Dr Caffyn has applied for judicial review on the grounds that there was:
- A failure to assess the effects of spreading manure and the emissions from burning biomass, which as indirect effects of the development, needed to be assessed
- A failure to impose a lawful planning condition on manure processing that would mean that the development would not cause groundwater pollution
- A failure to carry out a lawful appropriate assessment as required by the Habitats Regulations to ensure that the development would not adversely affect the integrity of a designated protected site
- A breach of regulation 9(3) of the Habitats Regulations, which requires the council to take steps to avoid the deterioration of habitats at protected sites
She points out that LJ Cooke used data from 2019-2021 to establish background ammonia levels, even though numerous applications for new or varied permits for poultry installations had been granted since 2020 which would enable approximately one million birds to be housed at any time in northern Shropshire.
Caffyn said, “I am delighted to have the opportunity, supported by River Action, to challenge this attempt to impose yet another massive factory farm upon the beautiful Shropshire countryside. Enough is enough. We simply cannot allow the creation of more of these giant clusters of polluting poultry units. There are already well over 20 million chickens in Shropshire, we don’t need more. Before we know it, the River Severn will soon be suffering the same pollution load as the neighbouring Wye – all because of these misguided and ill-informed planning decisions by Shropshire Council.”

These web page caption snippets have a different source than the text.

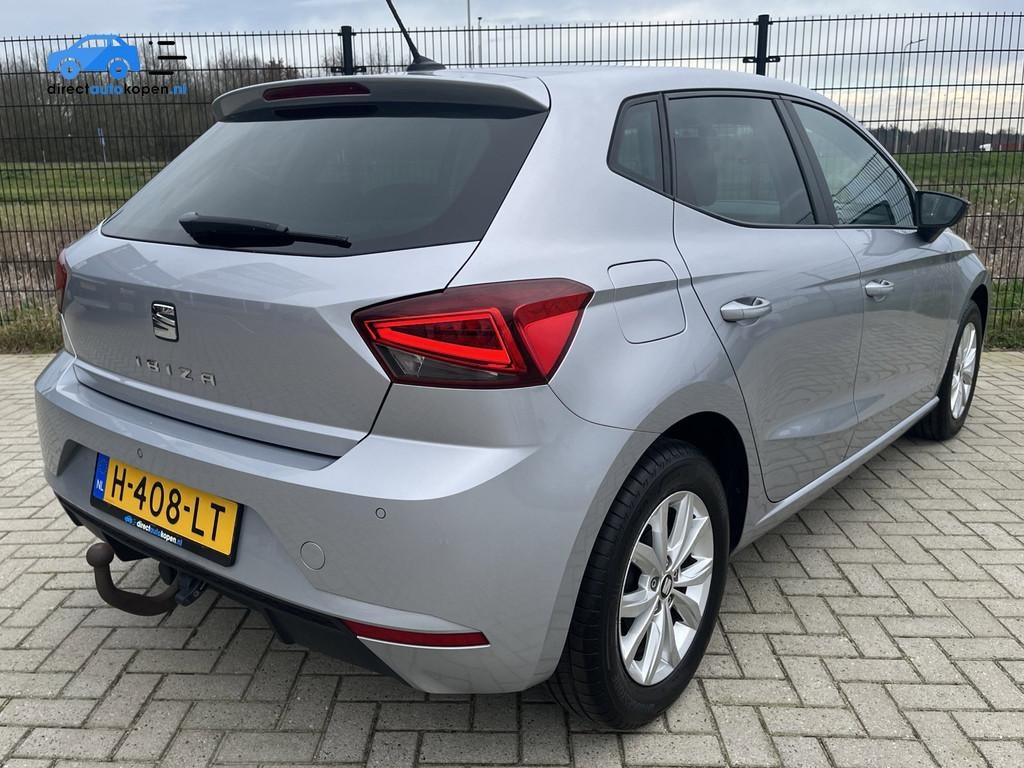 Seat Ibiza 1.0 TSI Style Business Intense | Carplay | Camera, Voorwielaandrijving, Euro 6, 95 pk, Ibiza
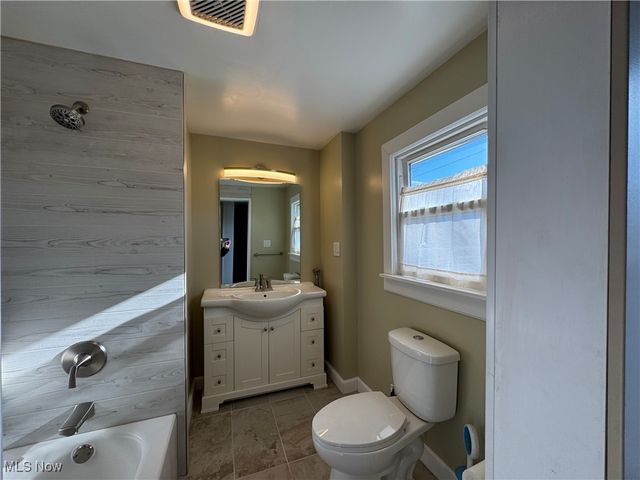 642 Marguerite Avenue, Cuyahoga Falls, OH 44221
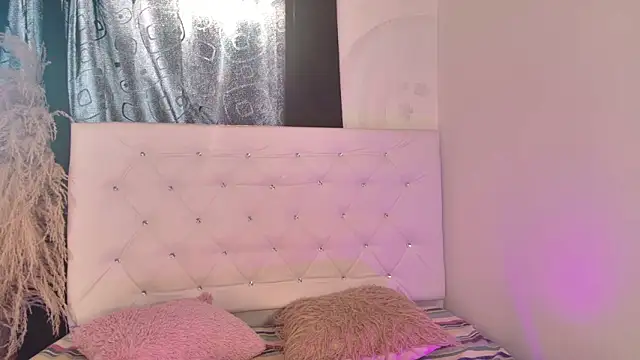 Snapshot of tatixxxvega chatting on March 14, 2026, 12:54 pm tatixxxvega online show from March 14, 2026, 12:54 pm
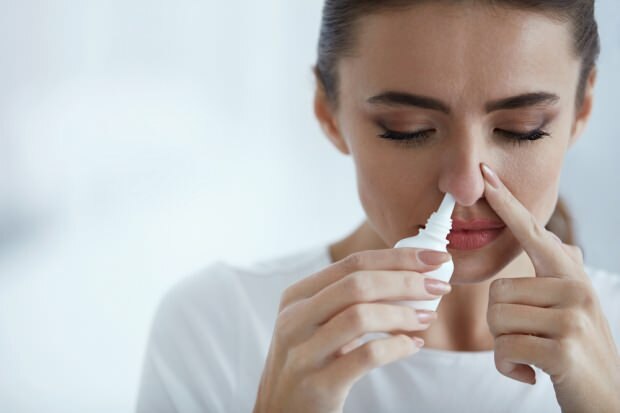 Des maladies telles que la migraine et la sinusite provoquent des douleurs osseuses nasales
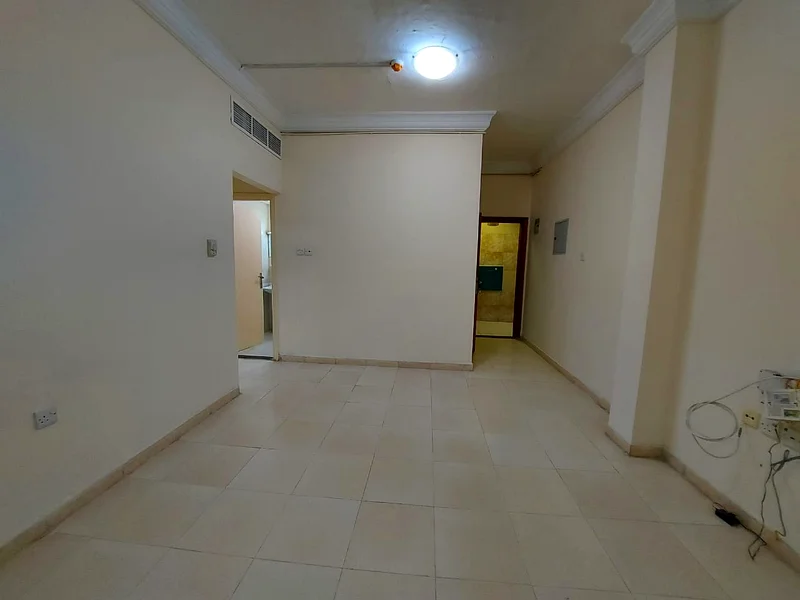 شقة بغرفة نوم واحدة مع شرفة فقط بـ 33 ألف بالقرب من مركز سهارى في النهدة الشارقة اتصل على عمران63812034930051112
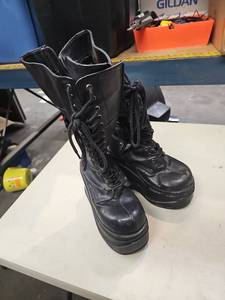 lot 25381 image: Hot Topic Black Platform Boots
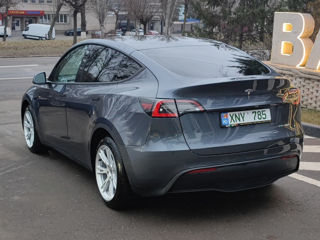 Tesla Model Y foto 2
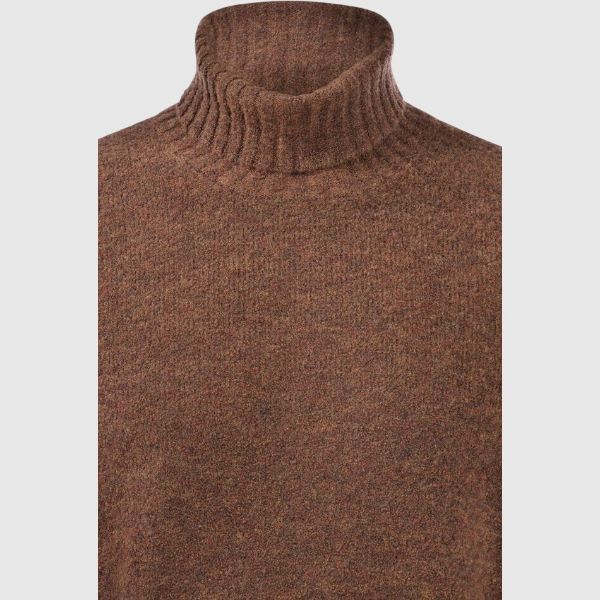 Picture of Boucle' turtleneck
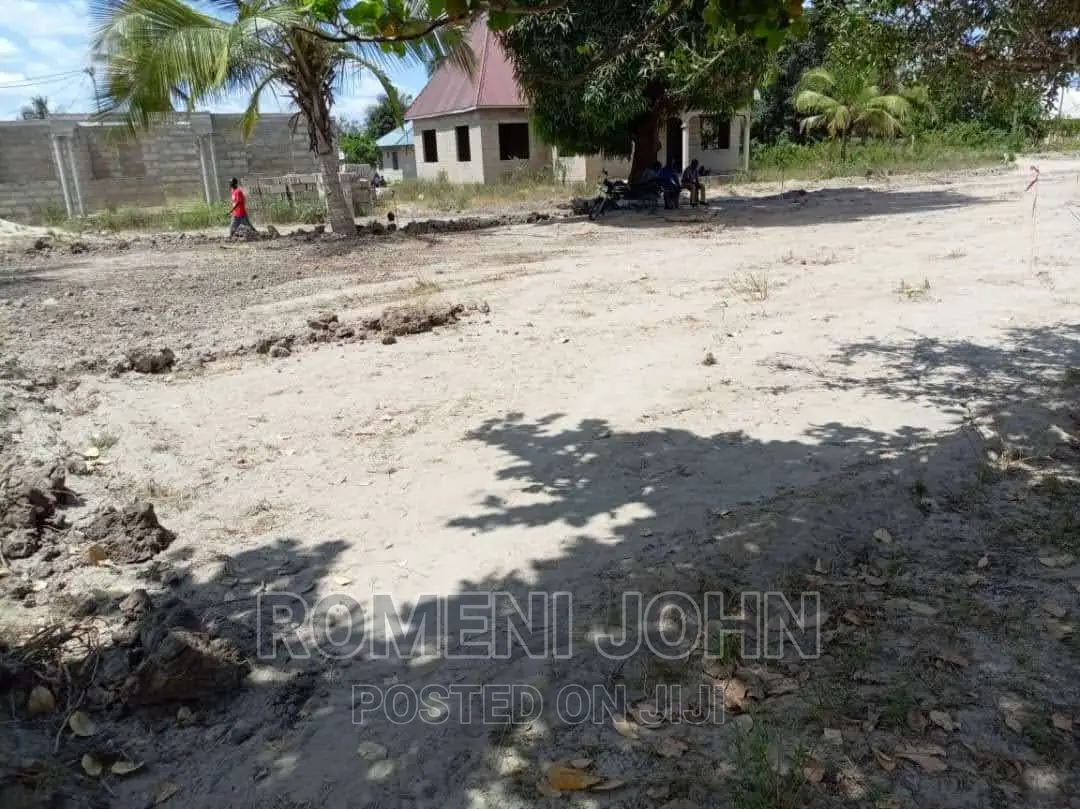 Kiwanja Kinauzwa Ml 4.5 Chanika Masantura in Ukonga
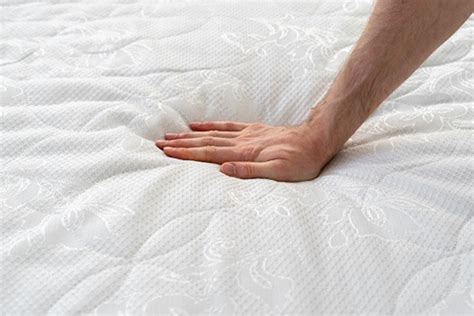 Everything You Should Know Before Buying A Mattress Critics Rant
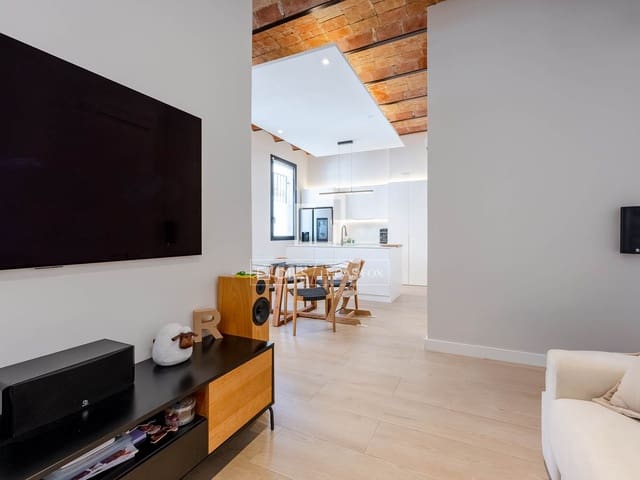 2 sovrum Villa till salu i Cornellà de Llobregat - 590 000 € (Ref: 9759602)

Charles Watson, chair of River Action, said, “One of the prime causes of the severe pollution of the River Wye was that when granting planning permission for the recent unprecedented proliferation of intensive factory farming units, the local county councils in Herefordshire and Powys never once considered the cumulative pollution impact that so much animal waste would have on the river catchment. Each application was treated as an individual event, with no thought being given to the fact that one of the most concentrated areas of intensive poultry production in Europe was springing up at the very heart of one of the most environmentally protected river catchments in the country.
“Like an appalling car crash in slow motion, exactly the same set of tragic events is now unfolding a few miles away in the neighbouring catchment of the River Severn. Shropshire County Council is waving through the planning system more and more huge intensive poultry unit applications, with no due consideration being given of their cumulative environmental impact and, by their own admission, are not even keeping any record of the number of intensive poultry units now operating across the region.
“River Action is determined to prevent a re-run of the environmental scandal of the Wye taking place across yet another one of the UK’s iconic rivers – hence why we have instigated and are actively supporting this critical legal action.”